人と人との偶然の出会いは、社会に新たな価値を生み出すきっかけとなるだろう。事実、コワーキングスペースやシェアオフィスなど、多様な価値観やバックグラウンドを持つ人々が交流できる空間が、オープンイノベーションが起こり得る場として注目を集めている。しかし、単に多くの人々が集まることだけで、社会に大きなインパクトを与えるようなイノベーションが起こるとは考えにくい。オープンイノベーションを促進するために、「場のデザイン」の力がひとつの大きな要素となる。
「SEA DAY 02」のセッションでは、登壇した有識者の三者三様の事例から、人々の偶然の出会いとその先にあるイノベーションに影響を与える「場のデザイン」について探る。
東急電鉄の場作り:渋谷の多様性を表現するための「ハードウェア × ソフトウェア」
最初に登壇したのは、東急電鉄の小林乙哉氏。渋谷や二子玉川など、東急沿線のまちづくりを手がけてきた。渋谷再開発のリーディングプロジェクトである渋谷ヒカリエの新設には、企画段階から携わっていたという。
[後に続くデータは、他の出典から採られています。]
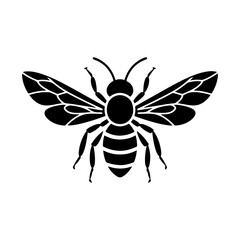 Black and white bee vector illustration, insect design element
渋谷ヒカリエには、ショッピングスペースからレストラン、劇場やギャラリーまで、さまざまな施設を“タテ積み”で入れています。これはとても非効率なことで、不動産業界では一般的ではありません。でも、渋谷という街の多様性を表現するため、あえて挑戦しました。
なかでも小林氏が携わったのが8階の「8/」。イベントスペースやギャラリー、コワーキングスペースといった多様な要素が1フロアに詰め込まれている。
渋谷という街の最大の価値は、おもしろい人たちが集まること。新しい価値観やアイデアを発信しようとしている人たちが集う場として『8/』を作りました。
実際「8/」ではこれまで、マーケットイベントや展示会、ワークショップや講演会といった多種多様なイベントが催されてきた。小林氏によると、「場」というハードを作るだけでなく、イベントというソフトで“色付け”をしていくことが「場のデザイン」の重要な要素なのだという。
イベントで“色付け”をしていった結果、『8/』はなにか新しいことを仕掛けたいと考える人々の聖地になってきていると思います。(東急電鉄・小林氏)
現在は渋谷ヒカリエのプロジェクトを離れ、二子玉川のまちづくりを主に手がけているという小林氏。都心から電車で約10分という場所にも関わらず、川や緑といった自然があふれている二子玉川ならではの特性を最大限に活かしたいのだという。
多摩川沿いの公有地を使ってアートイベントを行いました。馬を走らせたり、キャンプっぱいことをやったり。公有地は、利用するために多方面に許可をとらなければならず苦労しましたが、新たに『場』を作るだけでなく、今ある『場』をどう活かすかという視点も『場のデザイン』のひとつだと思います。